How to complete this task: Retype the data exactly, skipping any picture in it.

*** Collected material Section Begins ***

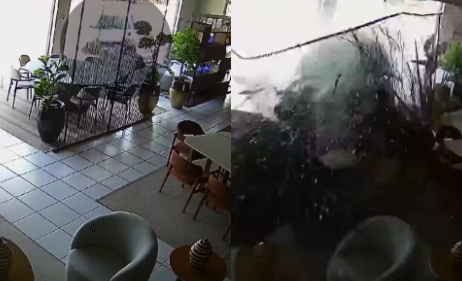 VÍDEOS: Carro desgovernado invade loja de móveis em SP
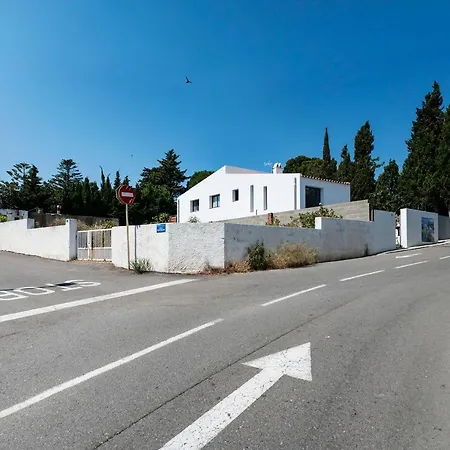 Luminoso En El Centro De Appartamento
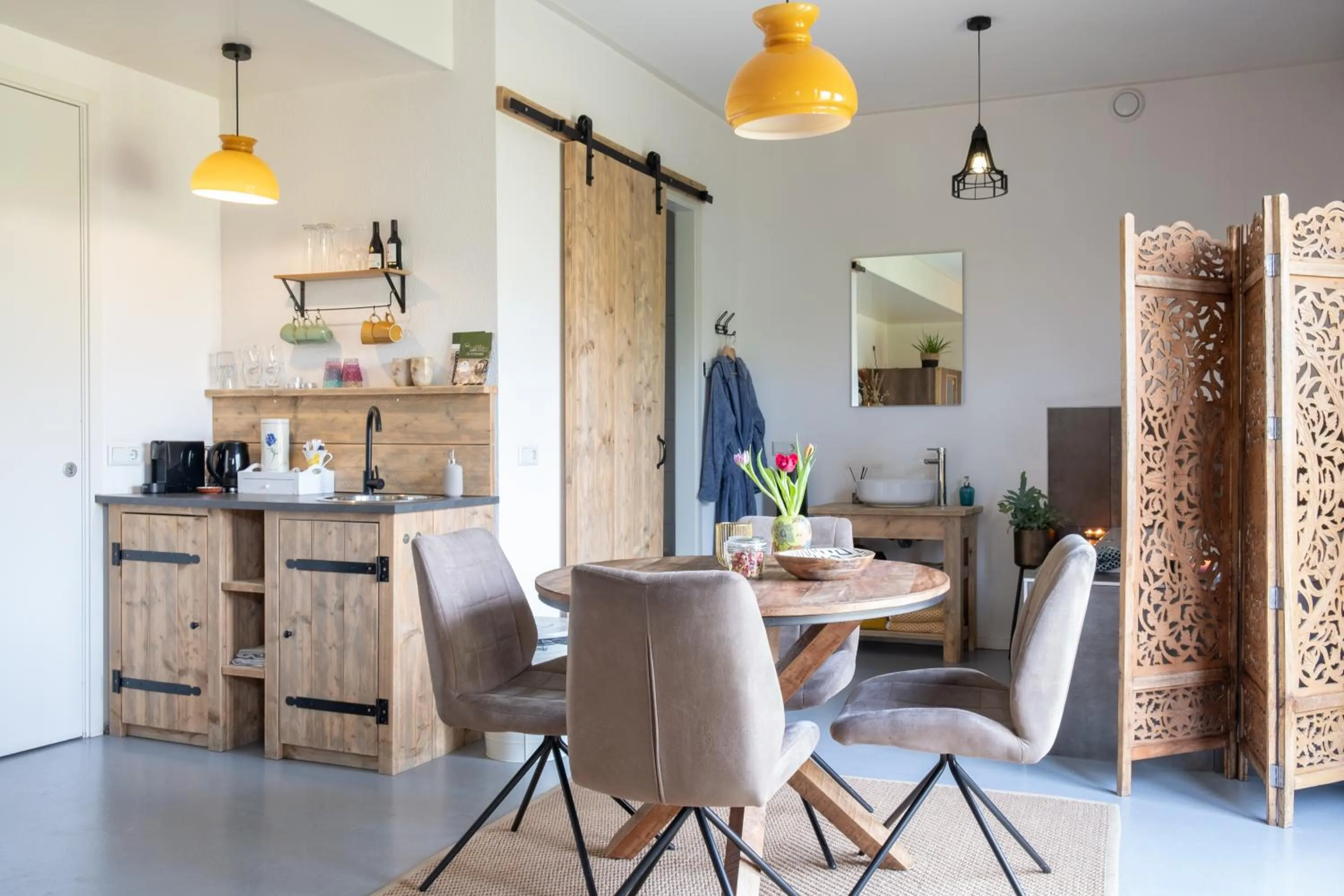 Kitchen or kitchenette in B&B De Achterdiek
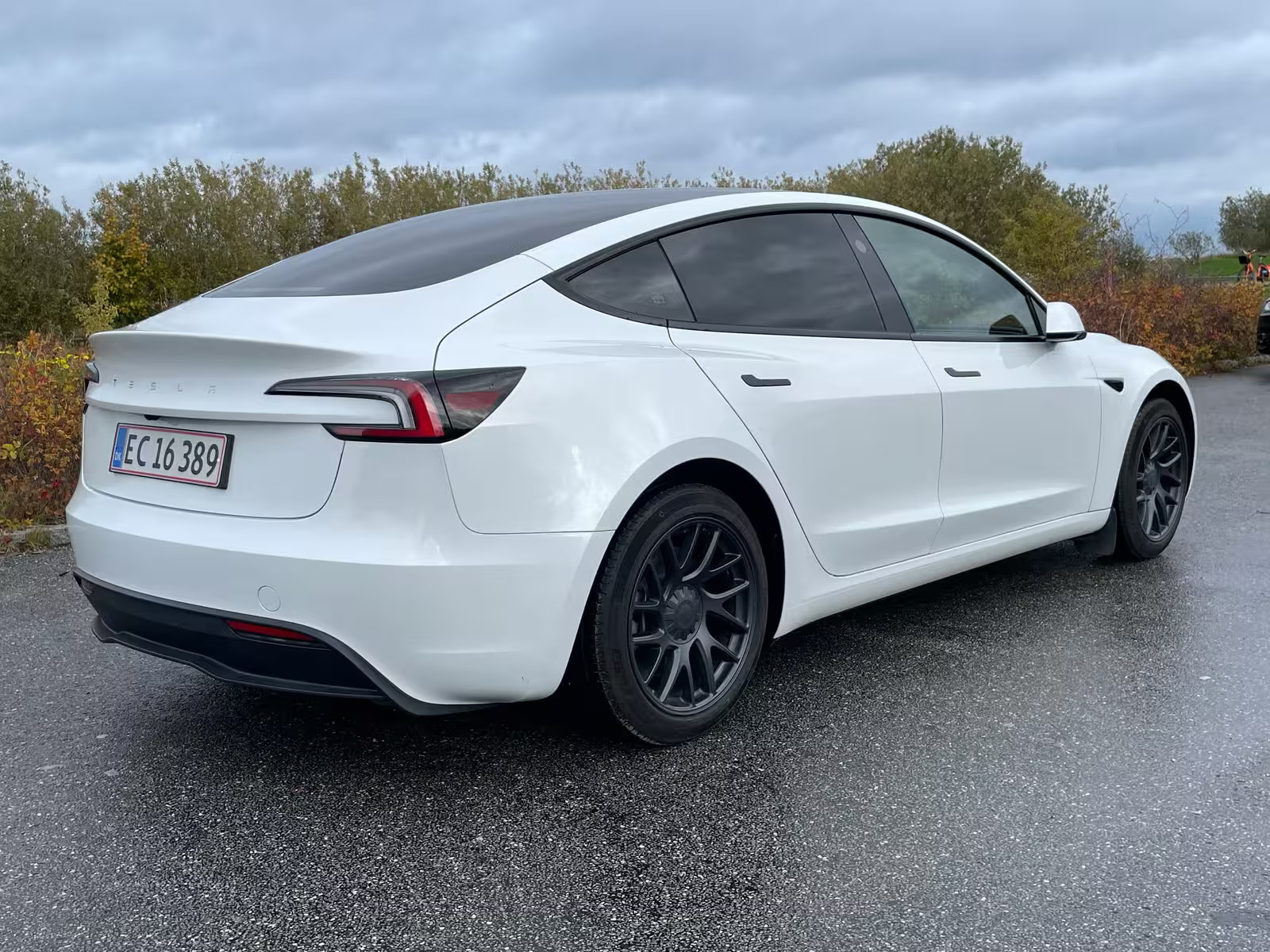 Hvid Tesla Model 3 fra 2024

*** Collected material Section Ends ***

Answer to this problem:
 VÍDEOS: Carro desgovernado invade loja de móveis em SP
 Luminoso En El Centro De Appartamento
 Kitchen or kitchenette in B&B De Achterdiek
 Hvid Tesla Model 3 fra 2024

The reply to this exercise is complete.